Renzo Cremona
Lingua madre
Biblioteca dei Leoni 2017, pp. 336, € 16,00
Originale senza dubbio questo libro di Renzo Cremona, che crea difficoltà ad essere collocato all’interno di uno specifico genere letterario. Una parte consistente è dedicata al dialogo tra un dialetto, quello di Chioggia, e la lingua italiana, dove il dialetto rivendica la sua priorità, la sua importanza anche a livello culturale, e lamenta il fatto di avere confini sempre più limitati, tanto da essere preso di mira se qualcuno ne fa uso, qua e là, in situazioni ufficiali.
C’è regolare traduzione a fronte. Non è semplice capire bene il dialetto, e verrebbe la tentazione di passare direttamente all’Italiano. Ma se provi a leggere a voce alta, allora senti la musica che esce da quei suoni, la cadenza carezzevole, e ti sembra di capire meglio. E tieni l’Italiano come un soccorso.

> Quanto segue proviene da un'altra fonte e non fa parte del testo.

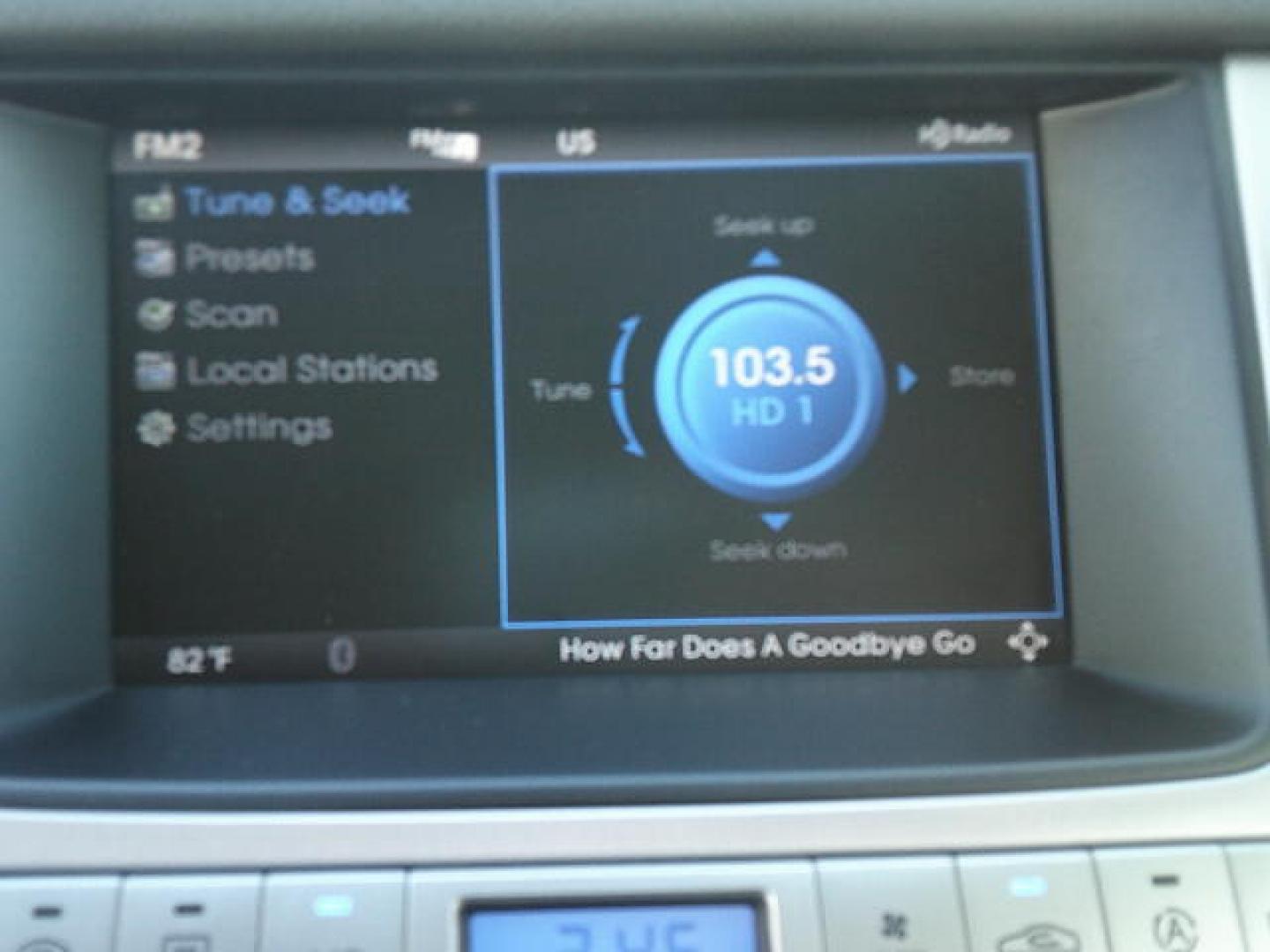 2011 Gold /Beige Hyundai Genesis 3.8L (KMHGC4DE5BU) with an 3.8L V6 DOHC 24V engine, 6-Speed Automatic transmission, located at 4000 Bee Ridge Road, Sarasota, FL, 34233, (941) 926-0300, 27.298664, -82.489151 - Photo#27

Seguono dei racconti brevi che si spezzano, si danno il cambio, come in una colloquio a più voci, in una situazione corale che fa emergere le situazioni più strane, dove chi riprende la parola continua un racconto interrotto, rivolgendosi all’interlocutore di prima. Ci sono surreali conversazioni con un dottore, guide turistiche che spiegano reperti archeologici, canili dove si appoggiano cani trovati per strada, chiromanti, farmacie, preti, psicologi, vaporetti che avanzano nella nebbia, balconi, altri luoghi che ricompongono il tessuto di un territorio: in realtà non compaiono i luoghi, ma i monologhi delle persone che vi stanno, che parlano come al telefono. Ci sono stranezze inspiegabili, come immagini di trapassati che compaiono in foto recenti, o tagli inspiegabili che fanno sanguinare la lingua, le mani, i piedi. I monologhi sono carichi di ansia.
L’acqua che cresce è elemento che seppellisce, cancella, fedele amica della nebbia che si allarga.

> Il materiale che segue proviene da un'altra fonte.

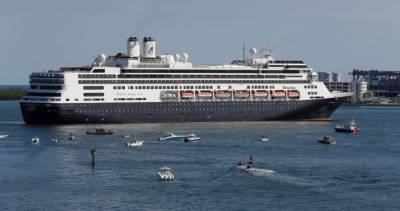 Robert Redfield - U.S. extends cruise ship ban to end of September as coronavirus cases spike - globalnews.ca - state Florida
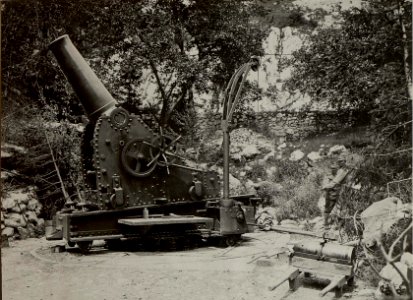 Feuerstellung des 21 cmMörsers Hund. Aufgenommen am 4. Juni 1916. (BildID 15478857)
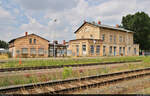 Das ehemalige Empfangsgebäude des Bahnhofs Halle-Trotha, das meines Wissens nach nun privat genutzt wird. In dem Eckvorbau (an der Bahnhofsuhr) befand sich bis Januar 2000 das elektromechanische Fahrdienstleiter-Stellwerk  B1  der Bauform E 12/78.
Aufgenommen von einem öffentlich erreichbaren Schotterweg gegenüber der Bahnsteigseite.

🚩 Bahnstrecke Halle–Vienenburg (KBS 330)
🕓 26.6.2021 | 12:01 Uhr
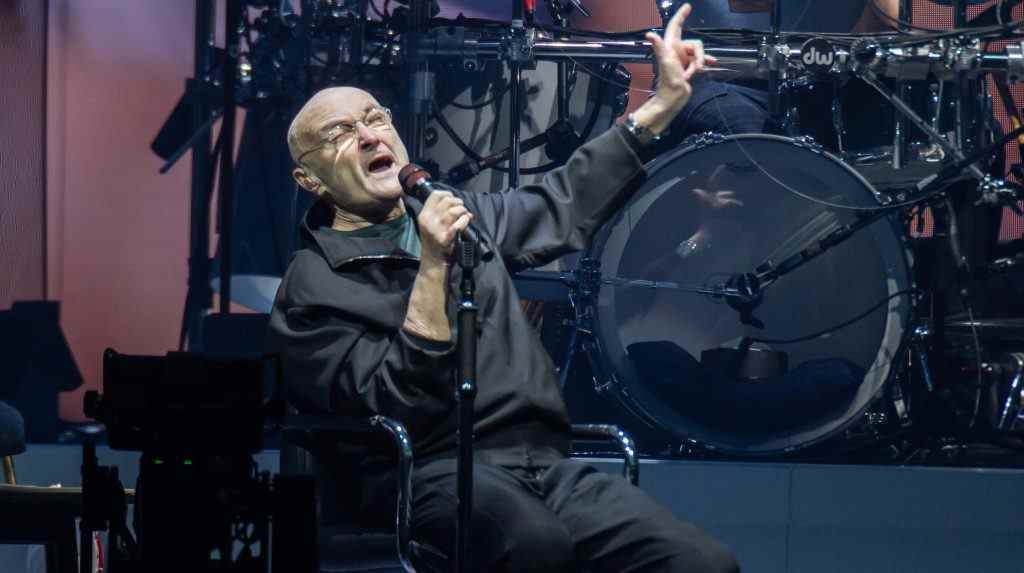 Phil Collins et Genesis vendent des catalogues à Concord pour 300 millions de dollars.
	
	
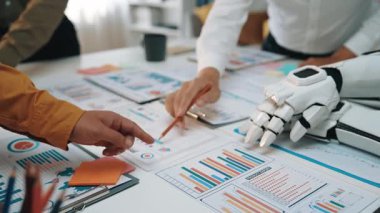 İş adamları, pazar eğilimlerini analiz etmek ve iş planlarını optimize etmek için yapay zeka kullanan asistanlar kullanıyor. Noogenesis Yapay Zeka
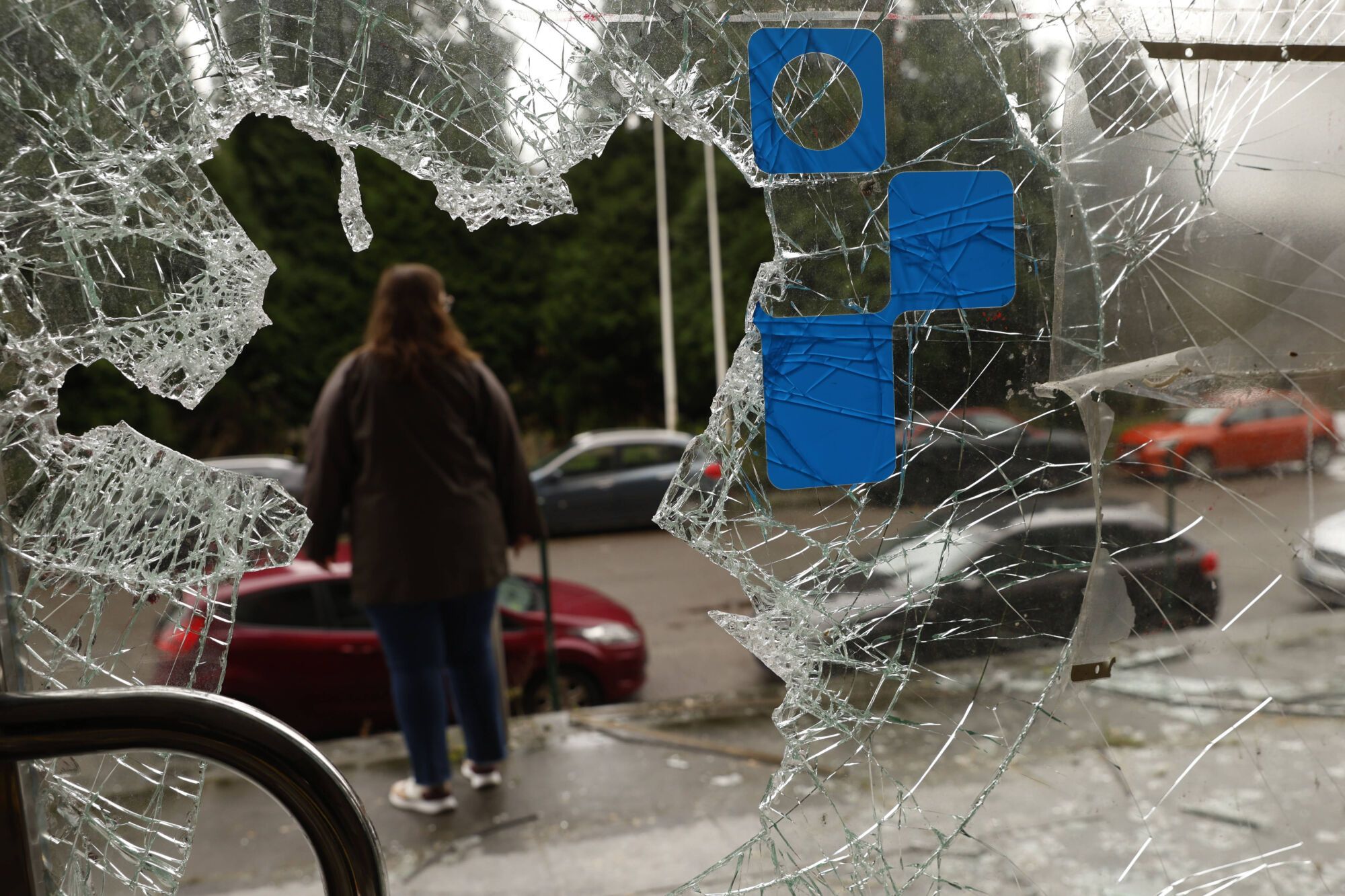 EN IMÁGENES: Viaje al interior del viejo HUCA, desvalijado y vandalizado por su abandono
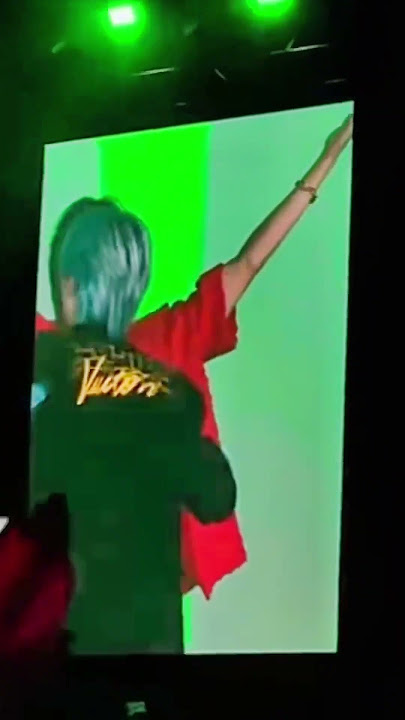 TIMING 👀 hj blowing a kiss right when lix went by #hyunlix #straykids #shortsfeed #shorts #viral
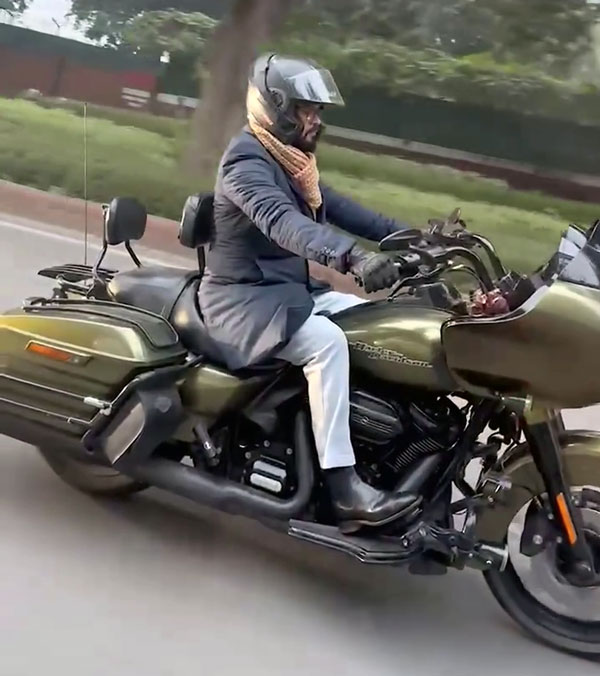 mp-anurag-singh-thakur-rides-harley-davidson-viral-video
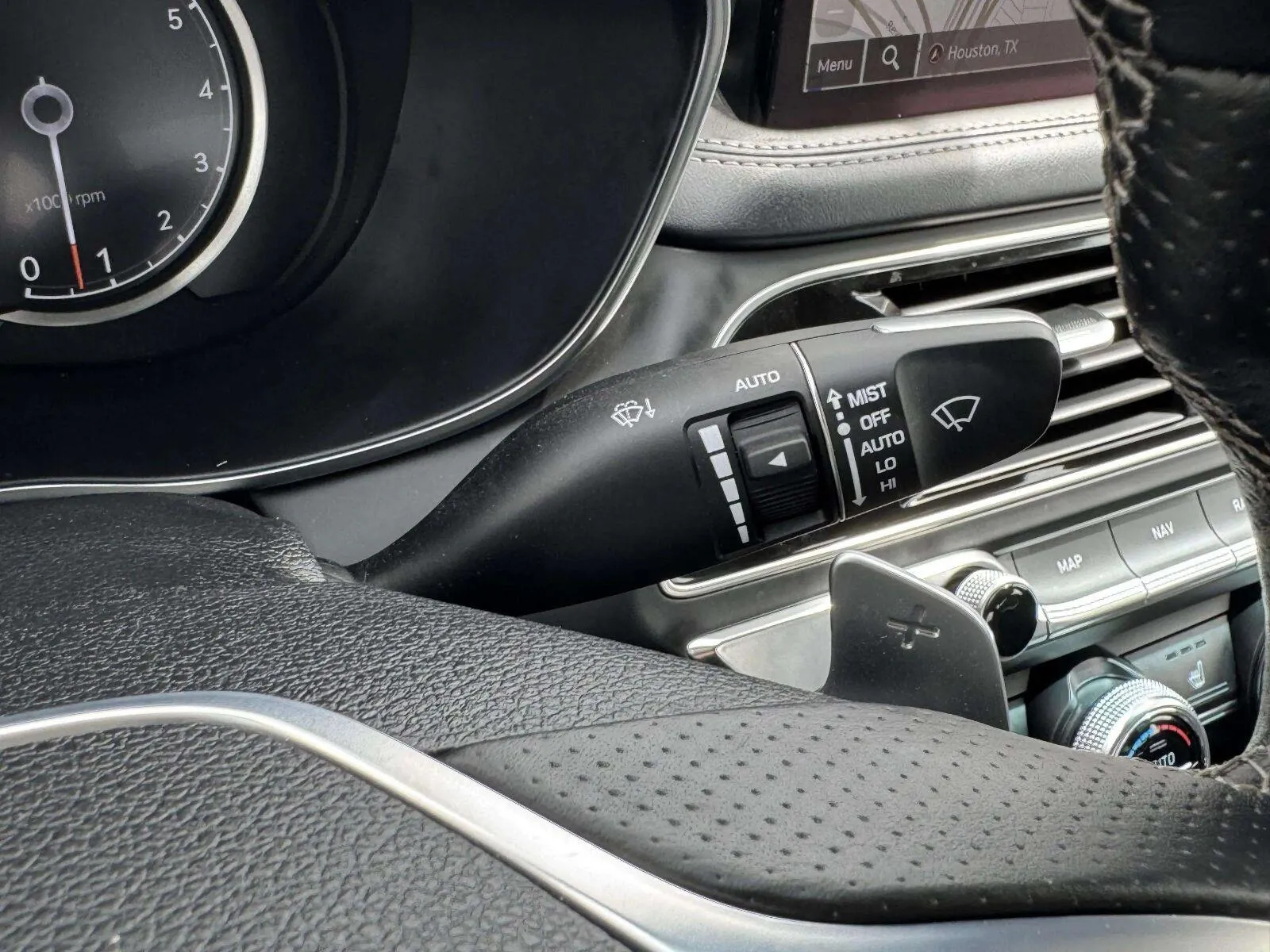 Genesis G70 photo 19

Fortemente simbolico e allusivo al male del mondo, alla sofferenza umana, alla solitudine esistenziale, alla mancanza di risposte, al mistero dell’esistere, ma al contempo continuo riferimento ad un patrimonio culturale che si sta perdendo, quello dei dialetti, espressione più immediata, vera, diretta del sentire popolare, ormai privilegio solo degli anziani, falciata dalla lingua standard, che è stata sì una conquista in nome della comunicazione e della unità del Paese, ma a fianco della quale non sì è pensato a tempo debito a conservare la bellezza e la valenza culturale dei dialetti. Allo stesso modo che si conservano e recuperano le opere d’arte.